What 78% of working women really want?

by Nikki Temkin
Working women. Celebrate the strength and resilience of working mothers
Reading Time: 3 minutes

RecruitMyMom recently released the 2024 Working Womens’ Report and it held some fascinating insights. BYY offers some of the report’s fascinating findings, whether you’re an employer or an employee.

Key insights on working women :

  • Career aspirations: 78% of working women express a desire to advance in their careers. Lack of internal opportunities, lack of mentorship and networking and pay discrimination emerge as the primary hurdles to career progression.
  • Job application priorities: when women apply for jobs, salary is the foremost consideration. Plus, specific benefits hold significance, with paid maternity leave surprisingly not ranking high among desired benefits.
  • Flexible work arrangements: 80% of women have dependents and embracing flexible work arrangements aligns with the realities of modern life, contributing to talent retention.
  • Career pauses: 49% of respondents had taken a career pause at least once, emphasising the normalcy of career pauses on a women’s work journey. 49% have had a career pause ranging from motherhood, mental health, retrenchments and further studies. 95% returned to work after the career pause.
  • Work location: 59% of respondents prefer hybrid working arrangements, 33% prefer remote working, and 8% prefer solely in-office work. Younger women with dependants have a marginal preference for remote working, and women in townships have a marginal preference for solely in-office working.
  • Working hours: 55% of women, regardless of age, seek full-time hours. This finding comprises 32% seeking full-time hours and 23% seeking full-time hours with a reduced work week. The remaining 45% of women seek reduced hours per day.

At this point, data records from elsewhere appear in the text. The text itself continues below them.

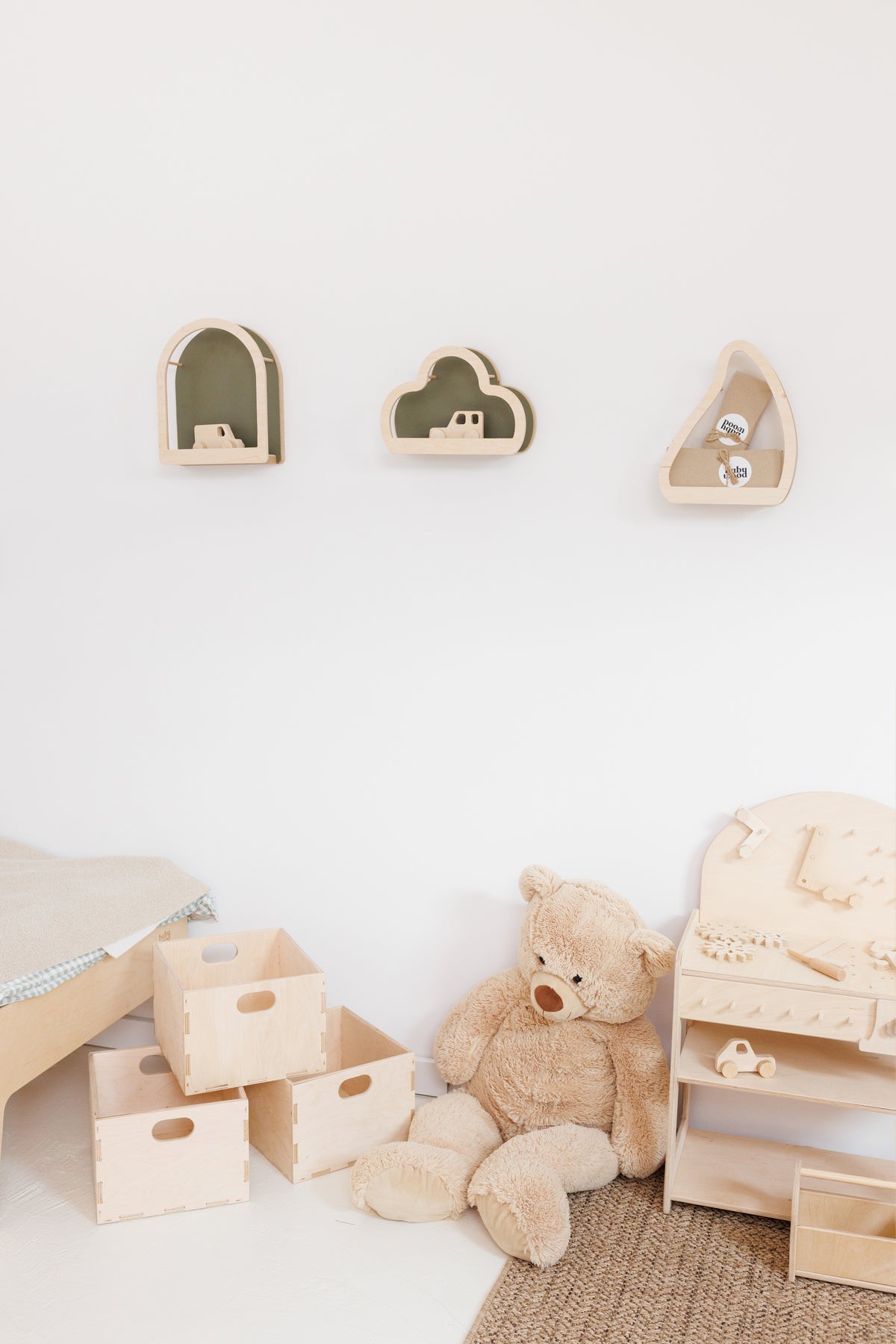 BabyWood Montessori Hanging Shelf WAVE L - Natural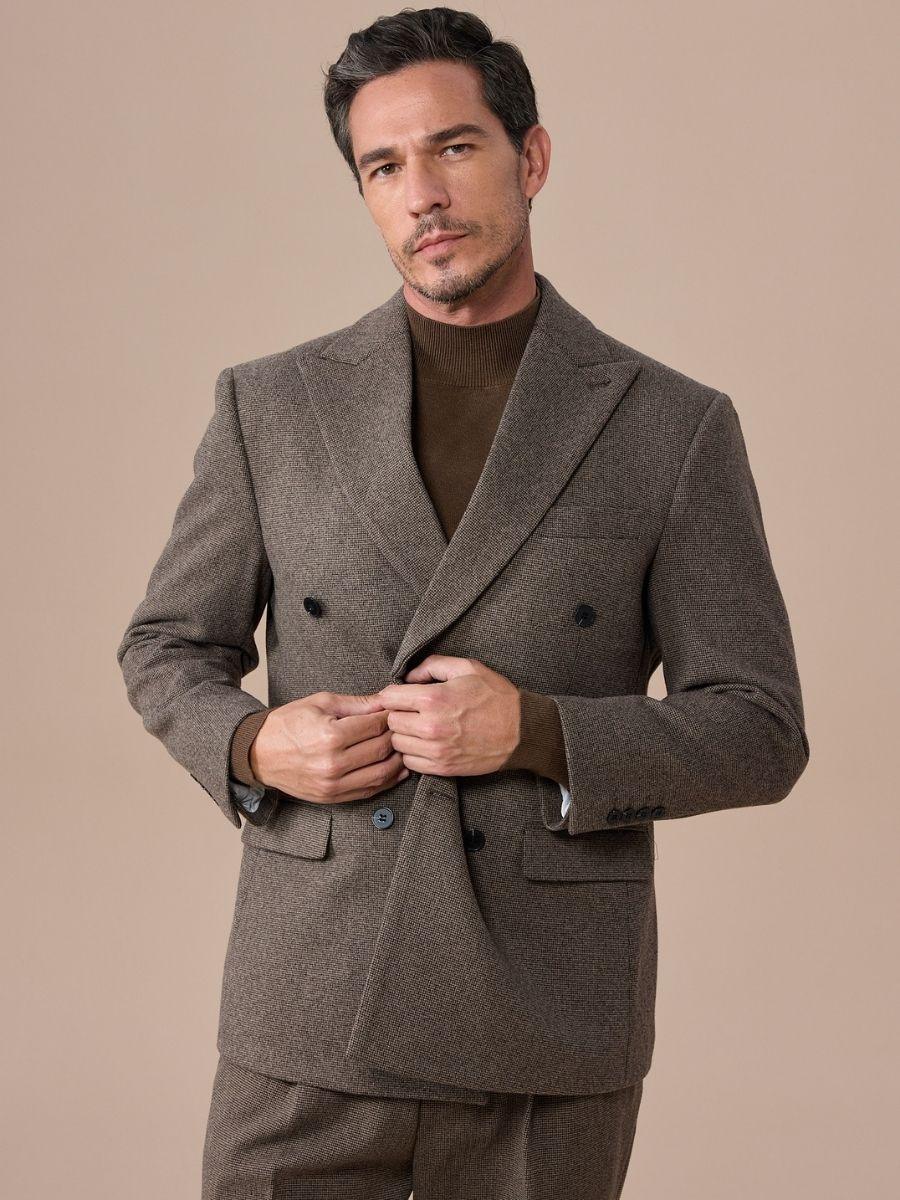 Costume croisé Regio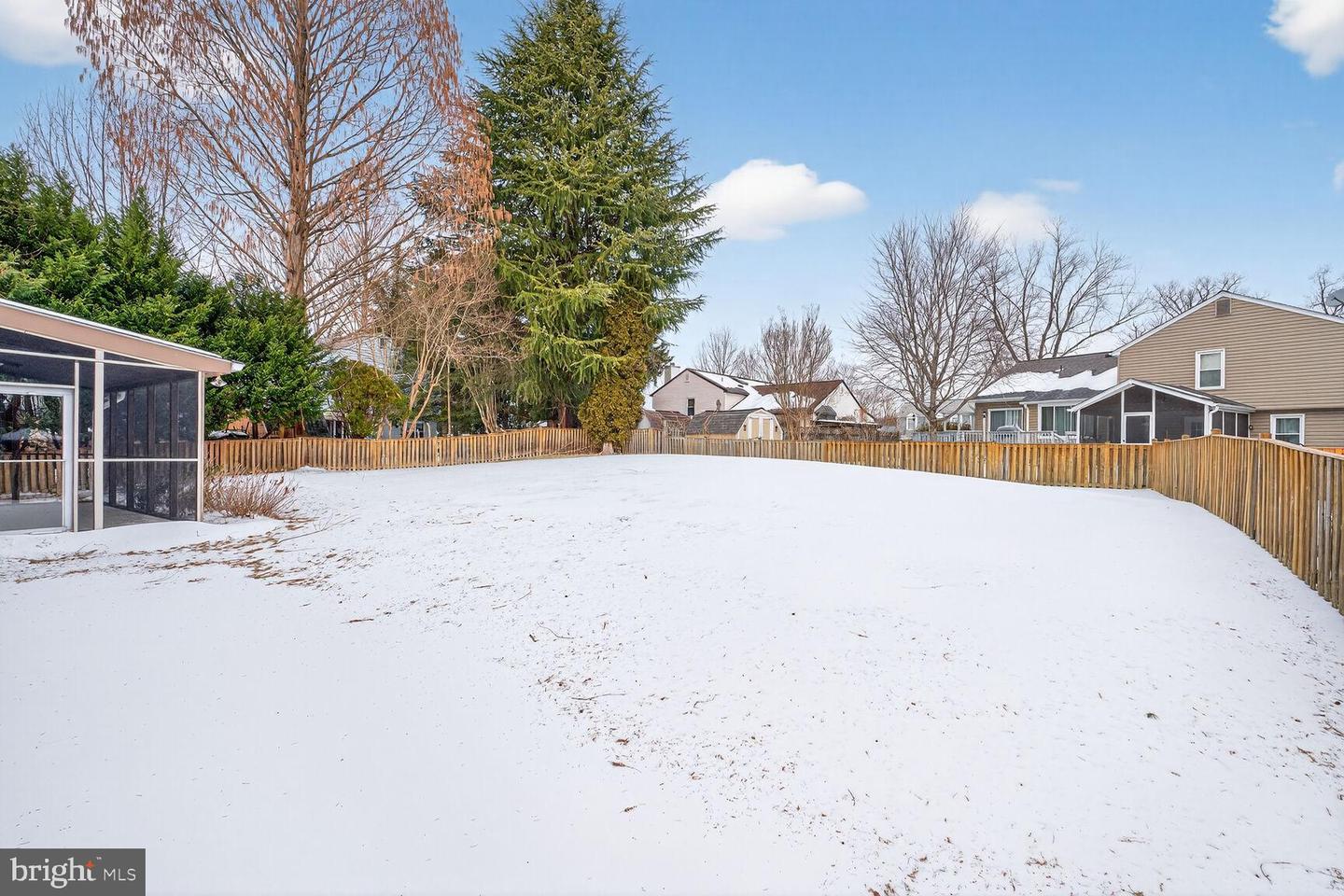 8836 SHADOWLAKE WAY, SPRINGFIELD, Virginia 22153, 4 Bedrooms Bedrooms, 8 Rooms Rooms,3 BathroomsBathrooms,Residential,For sale,8836 SHADOWLAKE WAY,VAFX2290544 MLS # VAFX2290544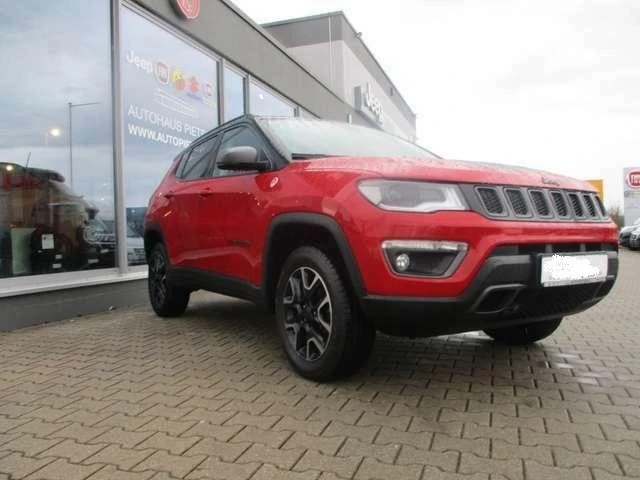 Jeep Compass 2.0 MJ Trailhawk - автомобили, коли, обяви за нови и употребявани 2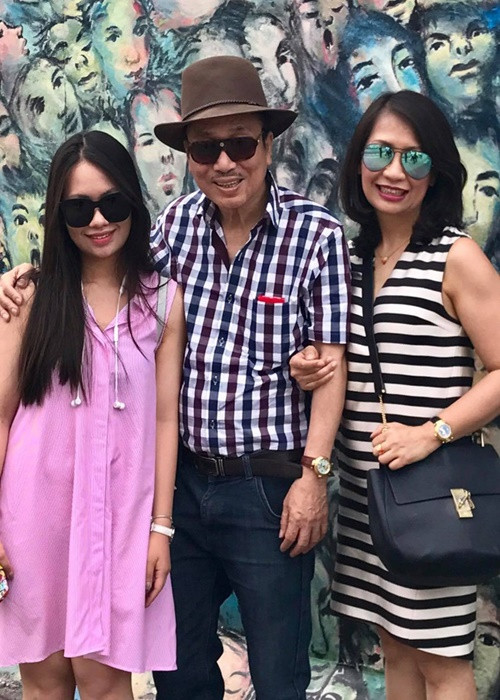 Nói về mối quan hệ với con riêng của vợ, nhạc sĩ Phú Quang từng cho hay: “Với cô con gái của bà xã hiện tại, cháu gọi tôi là bố dượng. Chính cháu từng chia sẻ với báo chí rằng cháu từng bất hạnh vì bố mẹ bỏ nhau nhưng sau này rất may bố dượng là tôi lại thương cháu như con ruột. Trẻ con thông minh lắm, mình yêu thương nó như một đứa con thì nó sẽ thương yêu mình như một người bố”. Ảnh: Dân Trí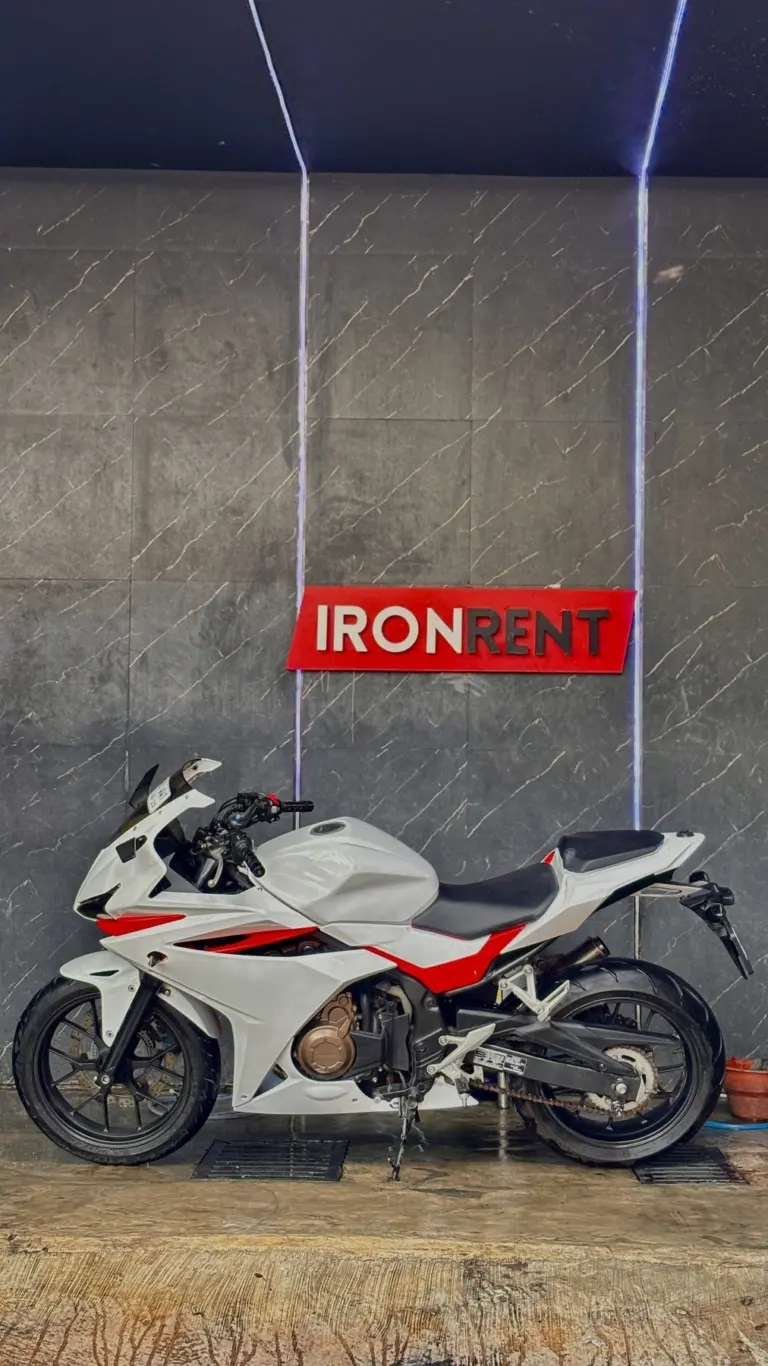 Honda CBR500R White photo 3 Iron Rent Bali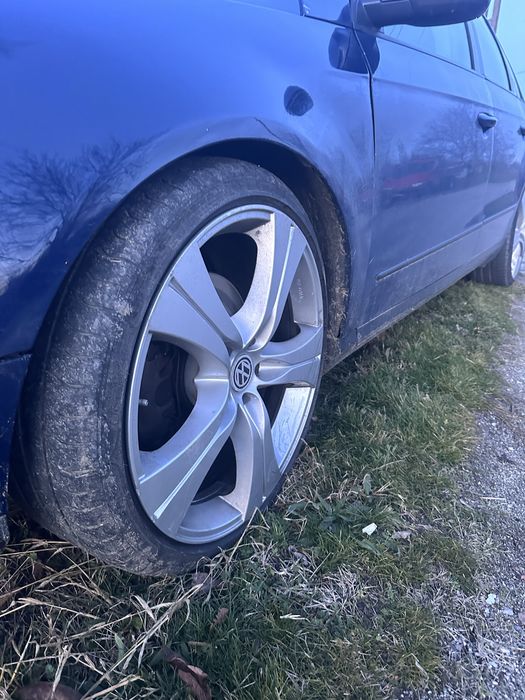 Vand Jante vw 235 35 r19 si navi rns510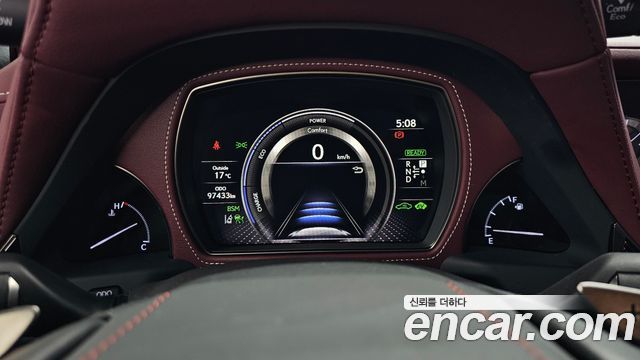 Lexus LS 2019 — photo 11
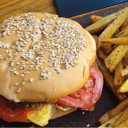 Foto de Hamburguesa de carne con papas rústicas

Other important information :

  • The report reveals that 45% of women are actively seeking new job opportunities.
  • In South Africa, the female workforce lags, with only 15% of executives in the entire executive population of all JSE-listed companies being female.
  • 71% of single women prefer full-time work, and considering that 20% of the respondents are single, this enlightens us on why the need for full-time work is higher than expected. 47% of married women and 45% of widowed women prefer part-time hours.
  • 92% of women want to work at all stages of life, and despite the prevailing thinking, most want to work full-time in a hybrid manner that delivers financial reward.
  • Women are qualifying at higher rates than men: the majority (52%) of people with post-secondary education are women, and within STEM 47% of African universities’ STEM graduates, undergraduates and postgraduates, are women. Female candidates attained 66.4% of the 2023 NSC matric distinctions.
  • 38% of working women in South Africa are the sole household income earners, making financial independence vital for them and their families. Furthermore, 21% of sole-income earners are married and financially support their spouses/partners.
  • Employers need to proactively adopt remote or hybrid work policies to attract and retain top calibre female talent. Embracing flexibility positions you as a progressive and inclusive employer.
  • There are several global studies and trends that suggest a broader appeal for reduced working hours and flexible arrangements amongst professionals, including senior women. The global shift towards flexible work, with many employees expressing a desire for continued flexible work arrangements, is a sentiment that is likely to resonate strongly with senior women seeking a better work-life balance and greater control over their schedules.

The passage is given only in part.